RECORDS SUPPLIED:
=== Section Start ===

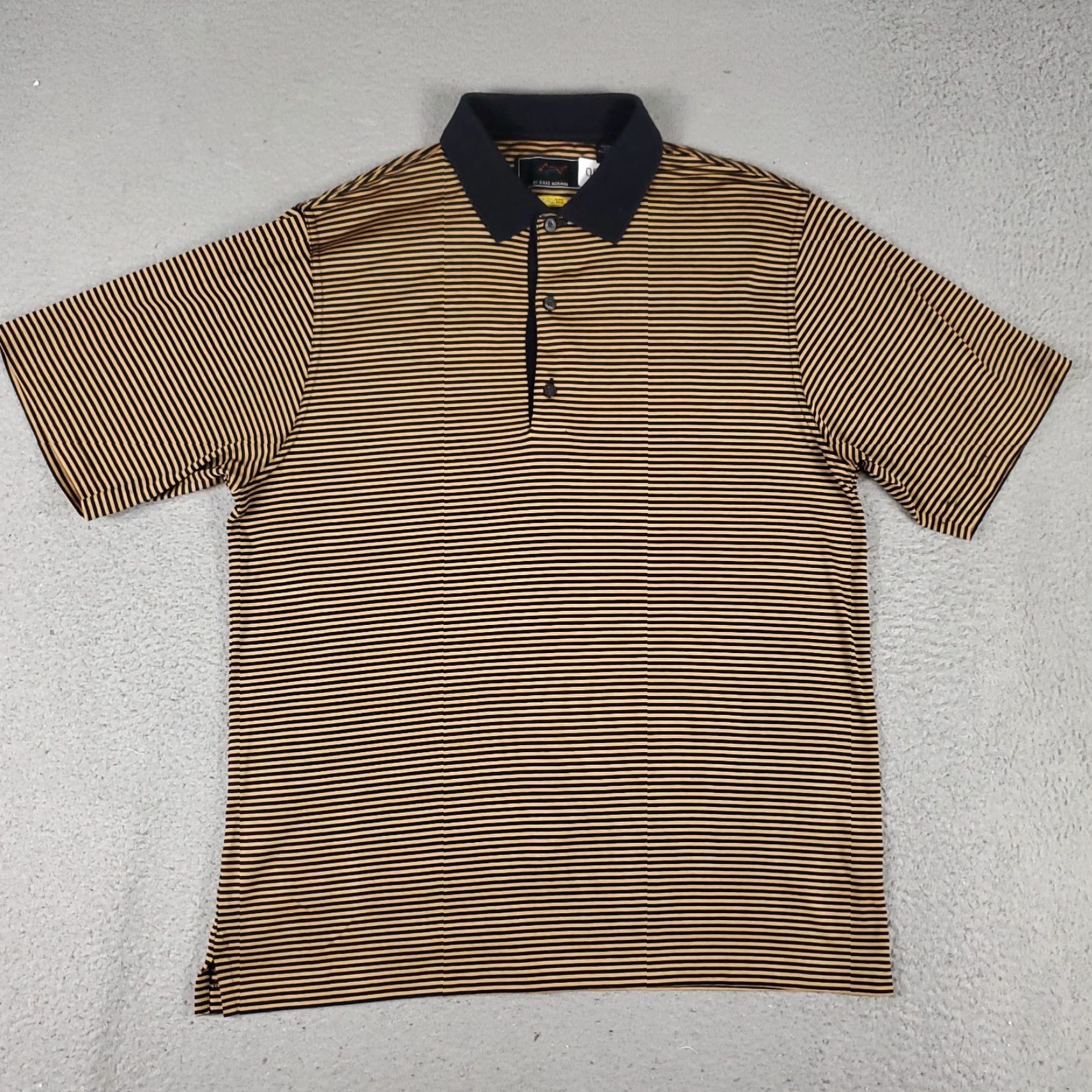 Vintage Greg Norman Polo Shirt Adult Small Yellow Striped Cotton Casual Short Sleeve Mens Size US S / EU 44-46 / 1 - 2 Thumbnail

=== Section End ===
=== Section Start ===

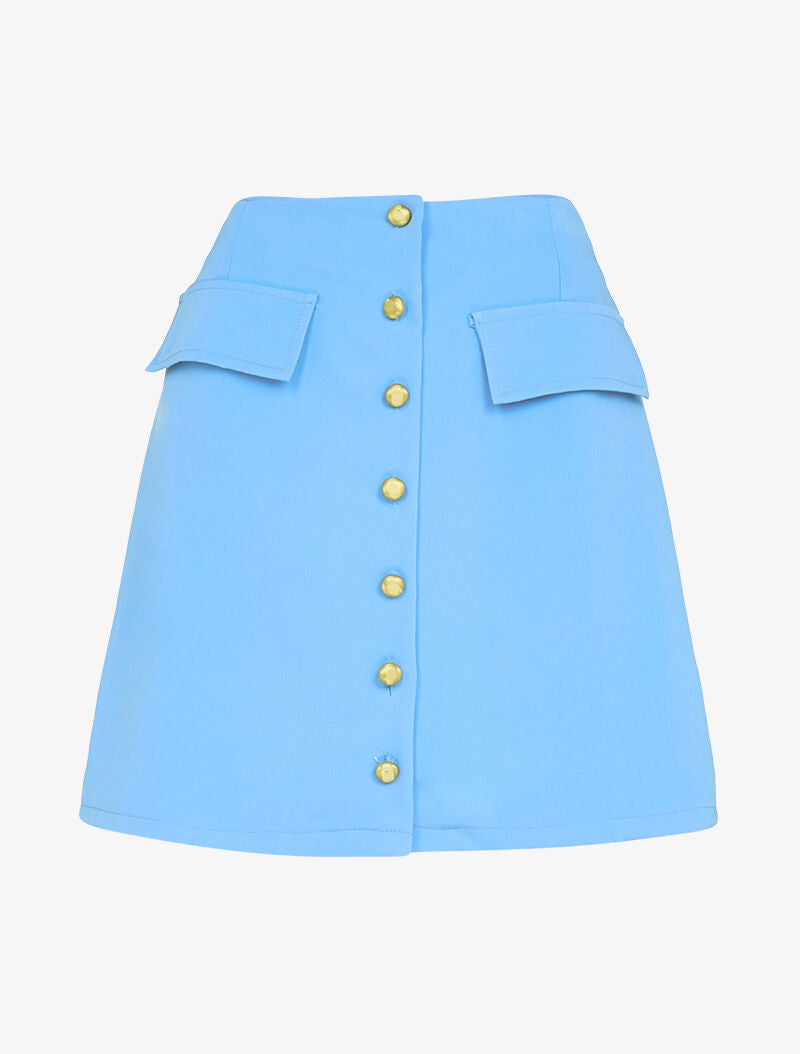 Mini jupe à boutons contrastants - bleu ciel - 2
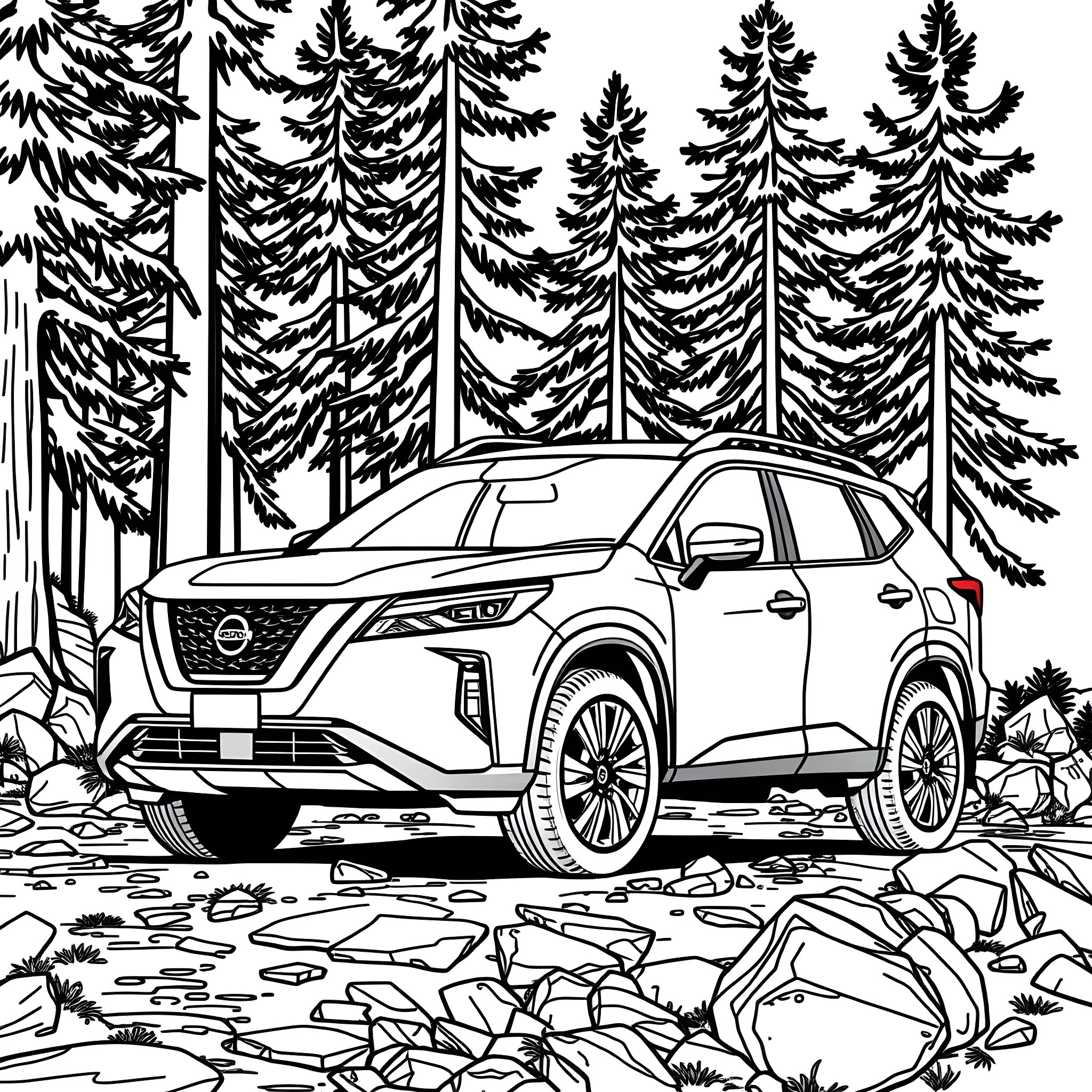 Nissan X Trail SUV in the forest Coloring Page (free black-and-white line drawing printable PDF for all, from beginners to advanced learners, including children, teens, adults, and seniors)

=== Section End ===
=== Section Start ===

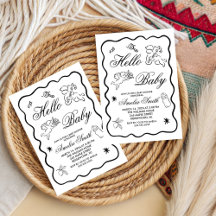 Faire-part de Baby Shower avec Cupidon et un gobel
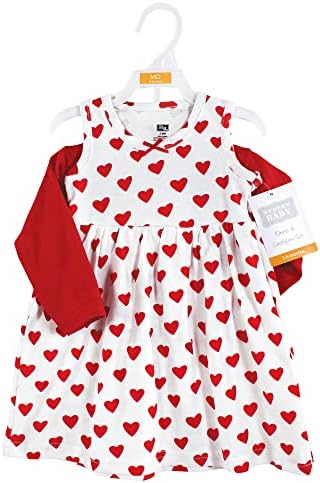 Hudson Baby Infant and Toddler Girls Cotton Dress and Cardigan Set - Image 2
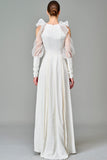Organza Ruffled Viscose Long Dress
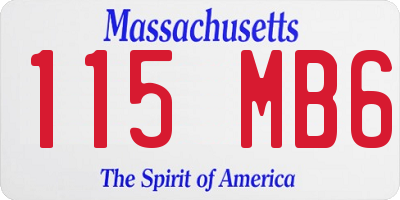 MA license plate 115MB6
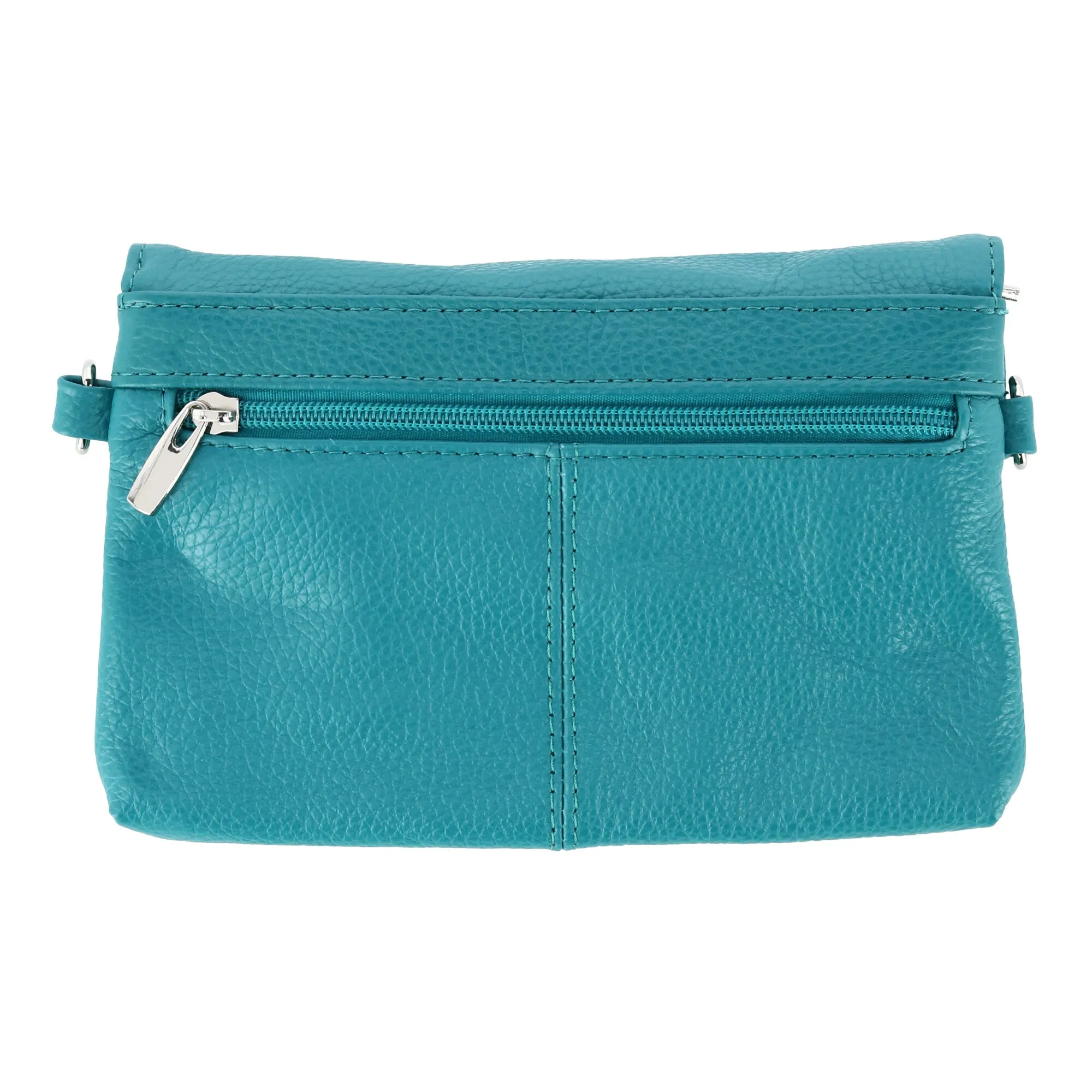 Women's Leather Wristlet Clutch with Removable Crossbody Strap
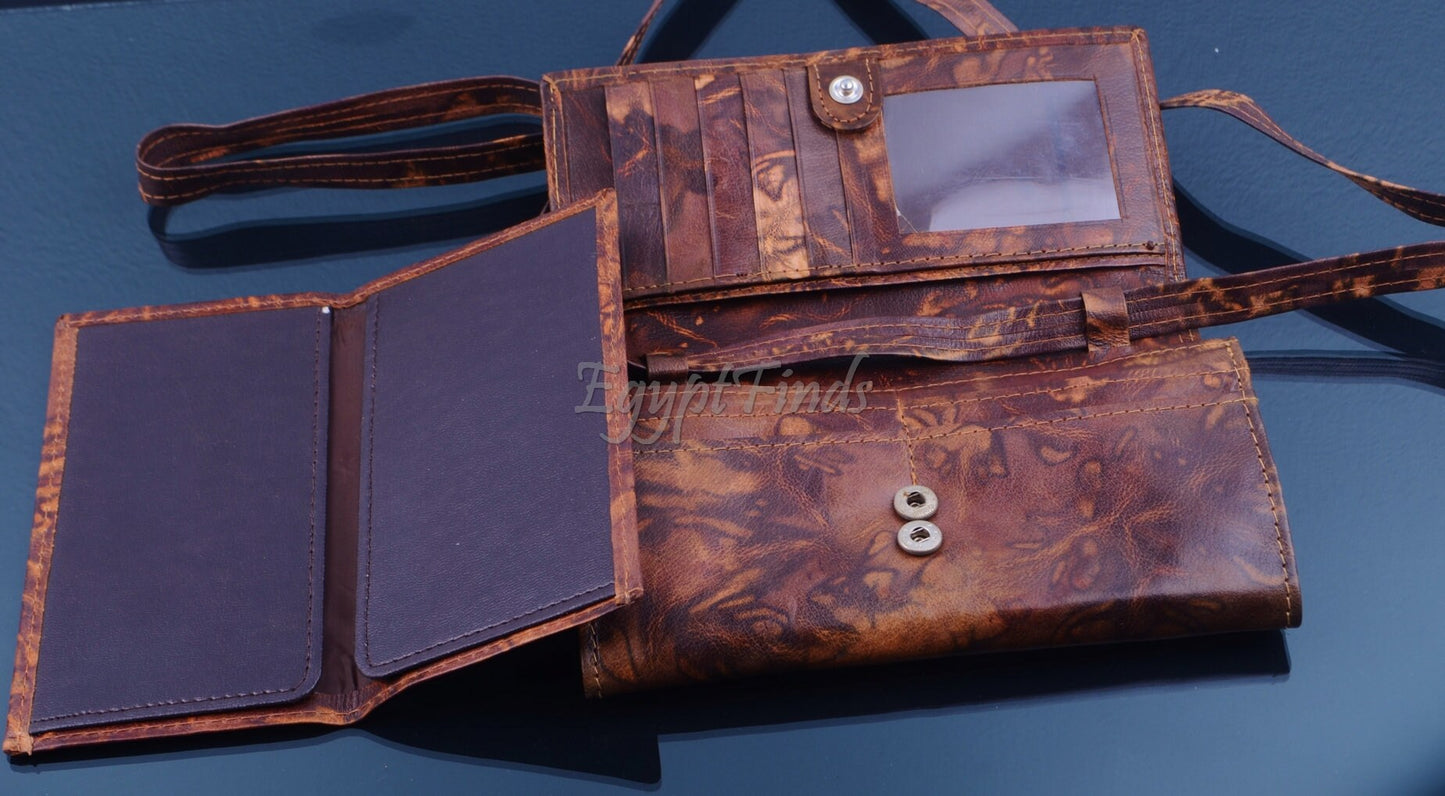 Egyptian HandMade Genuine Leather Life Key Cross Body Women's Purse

=== Section End ===

TASK STATEMENT:
Reproduce exactly, with no pictures, the lines above from the one holding "MA license plate 115MB6" to the one holding "Egyptian HandMade Genuine", inclusive.

RESULT FOR THIS TASK:
 MA license plate 115MB6
 Women's Leather Wristlet Clutch with Removable Crossbody Strap
 Egyptian HandMade Genuine Leather Life Key Cross Body Women's Purse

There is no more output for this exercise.